Rolnicy od miesiąca blokują przejścia graniczne i drogi krajowe w całej Polsce. Ich protesty nie przynoszą efektów, dlatego udali się do Warszawy, jednak nie swoimi ciągnikami, ale autobusami i samochodami. Gospodarze żądają konkretnych rozmów z przedstawicielami władzy. Postulaty rolników pozostają wciąż bez zmian.
– Zakaz wprowadzania szkodliwych przepisów Zielonego Ładu. Uszczelnienie granic przed niekontrolowanym napływem produktów rolno-spożywczych spoza Unii Europejskiej oaz zakaz ograniczania hodowli zwierzęcej – wskazał Szczepan Wójcik, prezes Instytutu Gospodarki Rolnej, współorganizator protestu.
Zapisy unijnego Zielonego Ładu doprowadzą do radykalnego ograniczenia produkcji rolnej w Europie, a konieczność ograniczenia nawozów i obowiązkowe ugorowanie zmniejszy plony. W takich warunkach trudno będzie konkurować z rolnictwem spoza Unii Europejskiej. Polskie gospodarstwa dobija też niekontrolowany napływ towarów rolno-spożywczych z Ukrainy.
– Jest taka sytuacja, że dziesiątki tysięcy rolników odwiedziły dzisiaj Warszawę zamiast pracować w swoich gospodarstwach, więc to jest cały komentarz do dzisiejszej sytuacji – stwierdził Wiesław Domian, prezes Warmińsko-Mazurskiego Związku Rolników, rolnik.
Pierwszym przystankiem na trasie rolniczego protestu był Sejm. To właśnie tam współorganizatorzy ogólnopolskiego protestu spotkali się z marszałkiem Szymonem Hołownią.
W trakcie kilkudziesięciominutowej rozmowy rolnicy przedstawili swoje postulaty. Marszałek Sejmu zaproponował rolnikom stworzenie w ramach Sejmu okrągłego stołu. Mają w nim uczestniczyć rolnicy, przedsiębiorcy, przetwórcy i rządzący.

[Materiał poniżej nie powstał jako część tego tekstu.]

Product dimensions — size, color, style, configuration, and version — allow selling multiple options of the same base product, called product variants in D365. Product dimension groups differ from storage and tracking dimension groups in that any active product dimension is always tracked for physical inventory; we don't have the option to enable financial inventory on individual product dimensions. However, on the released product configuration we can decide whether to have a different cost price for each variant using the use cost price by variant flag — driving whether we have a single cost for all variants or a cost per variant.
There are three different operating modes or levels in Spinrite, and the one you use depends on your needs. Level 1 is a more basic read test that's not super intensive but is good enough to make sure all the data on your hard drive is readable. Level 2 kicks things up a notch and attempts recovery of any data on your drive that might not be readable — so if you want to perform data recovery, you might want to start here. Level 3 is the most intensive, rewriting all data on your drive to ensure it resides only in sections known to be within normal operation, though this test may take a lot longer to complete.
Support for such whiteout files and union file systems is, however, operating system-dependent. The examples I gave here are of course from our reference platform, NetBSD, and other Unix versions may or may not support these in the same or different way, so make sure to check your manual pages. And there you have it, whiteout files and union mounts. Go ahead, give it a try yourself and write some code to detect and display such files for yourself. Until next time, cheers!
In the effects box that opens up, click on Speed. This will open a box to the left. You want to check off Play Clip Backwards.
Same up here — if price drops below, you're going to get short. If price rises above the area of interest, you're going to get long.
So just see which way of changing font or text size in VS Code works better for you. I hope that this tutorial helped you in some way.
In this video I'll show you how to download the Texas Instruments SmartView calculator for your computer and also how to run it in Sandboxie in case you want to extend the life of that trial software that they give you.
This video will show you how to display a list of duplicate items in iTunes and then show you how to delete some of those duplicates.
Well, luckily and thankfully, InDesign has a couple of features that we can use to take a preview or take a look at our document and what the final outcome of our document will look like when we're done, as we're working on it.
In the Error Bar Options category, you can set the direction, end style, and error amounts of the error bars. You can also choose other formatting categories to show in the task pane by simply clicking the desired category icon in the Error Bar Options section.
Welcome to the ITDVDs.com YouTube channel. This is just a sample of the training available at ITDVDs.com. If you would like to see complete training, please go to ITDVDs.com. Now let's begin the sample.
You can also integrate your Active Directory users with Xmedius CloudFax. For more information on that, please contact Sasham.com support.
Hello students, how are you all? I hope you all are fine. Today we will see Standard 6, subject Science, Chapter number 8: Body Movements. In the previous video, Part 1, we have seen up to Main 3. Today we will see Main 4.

Protestujący są gotowi do rozmów, jednak oczekują realizacji swoich postulatów od rządu, dlatego udali się do Kancelarii Prezesa Rady Ministrów, jednak Donalda Tuska nie zastali. Szef rządu przebywał w Pradze. Z rolnikami spotkał się szef kancelarii premiera, Jan Grabiec.
Rolnicy nie usłyszeli od niego nic, co skłoniłoby ich do zawieszenia protestu. Komitet po kilkunastu minutach wyszedł ze spotkania. Rolnicy co najmniej do 7 marca nie zejdą z barykad. Lider Oszukanej Wsi, Wisław Gryn, apelował o podtrzymywanie protestów na przejściach granicznych.
W ostatnich tygodniach rolnicy na własną rękę zaczęli kontrolować przejścia graniczne z Ukrainą, Niemcami i Słowacją, ponieważ – jak przekonują – instytucje państwowe nie są wstanie zapanować nad niekontrolowanym przepływem towarów.